To begin it all, last Saturday night my conducting class took a field trip to the Augusta Symphony. Our professor Dr. Nabholz – who is also the director of the Choraleers – met us there, and we enjoyed an evening of four varied pieces by Barber, Takemitsu, Higdon, and Bernstein. One of the highlights of the evening came after the concert, when we got to go backstage and meet the conductor, Shizuo “Z” Kuwahara! It was exciting to be able to talk for a few minutes with someone who is making his living in the “real” world in music, and to be able to see a lot of what we discuss in class applied. The entire evening was great fun, though, from the hour and a half drive to and from (especially the GPS troubles), to discussions of the concert as a class – the five of us and our professor – over frozen yogurt after the event.

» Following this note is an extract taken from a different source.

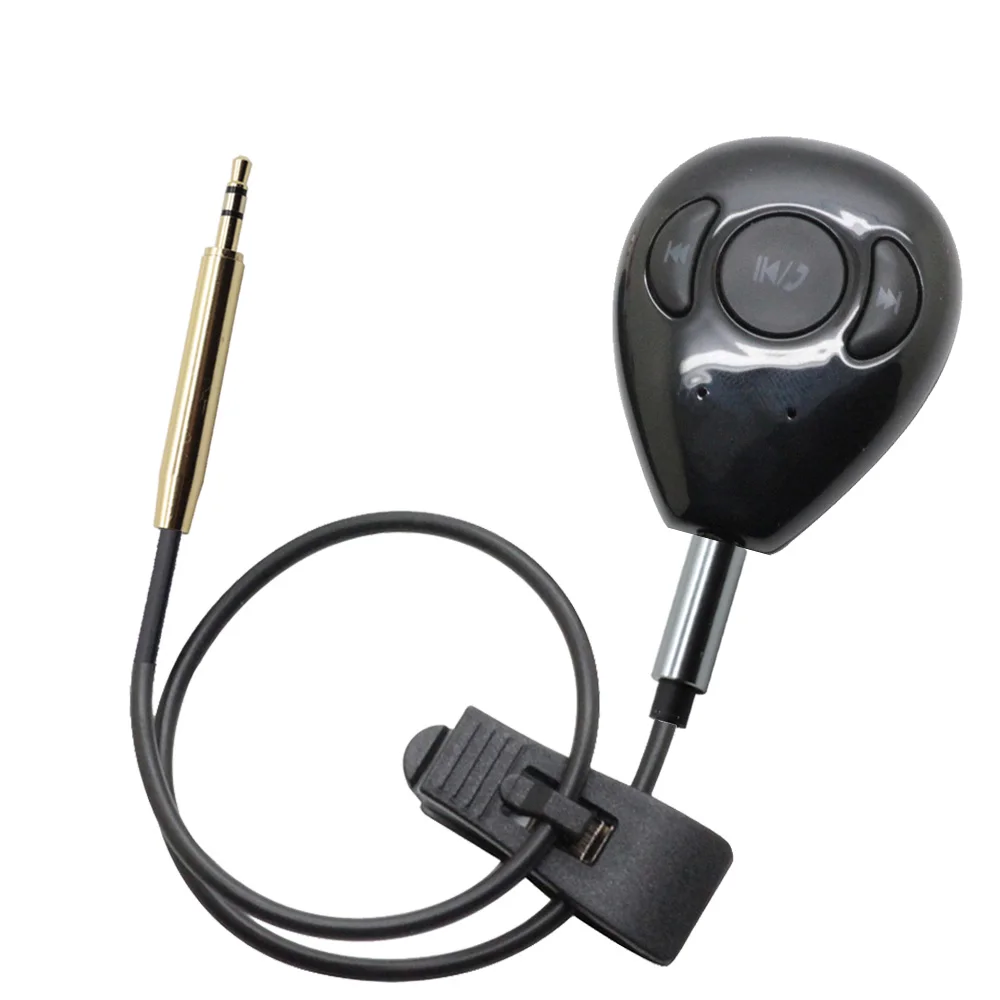 Poyatu Bluetooth Adapter Receiver for Bose OE2 OE2i QC25 Soundtrue Around-ear II On-Ear Headphone Wireless Upgrade Cable
Poyatu Bluetooth Adapter Receiver for Bose OE2 OE2i QC25 Soundtrue Around-ear II On-Ear Headphone Wireless Upgrade Cable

After the weekend, the week of concerts began. Monday started with Erskine’s music department hosting a concert by Winthrop’s chorus; we began the event with Erskine’s Choraleers singing a few selections, then we let them take over the stage and sing several of their pieces. As with the Intercollegiate Choral Festival the week before, it was rewarding and enjoyable to share music with and get to meet another college choir, especially in our own auditorium!
Tuesday night we hosted a Czech string quartet – the Talich Quartet. They are professionals who are internationally recognized for their talents, and this showed – the concert was absolutely brilliant! I do love string instruments, and their selections were well-chosen and exquisitely played.
Wednesday was the night off, and Thursday we co-hosted an organ recital with First Presbyterian Church in Greenwood. Our organist was Dr. Craig Cramer from Notre Dame University, who demonstrated his great skill and experience on the instrument in the variety of styles of the pieces that he chose, as well as his expression in playing them.
Finally, Friday was a concert at home featuring our instrumental chamber groups and the Women’s Chorale. Although we have more vocal than instrumental students in the department, it is always great to see what the latter can do! None of the ensembles featured in the concert were very large – Women’s Chorale being the largest, at around a dozen – but they all showed that you do not necessarily need a large choir or symphony to make a great sound.
No one can say that there is nothing to do on campus on week nights!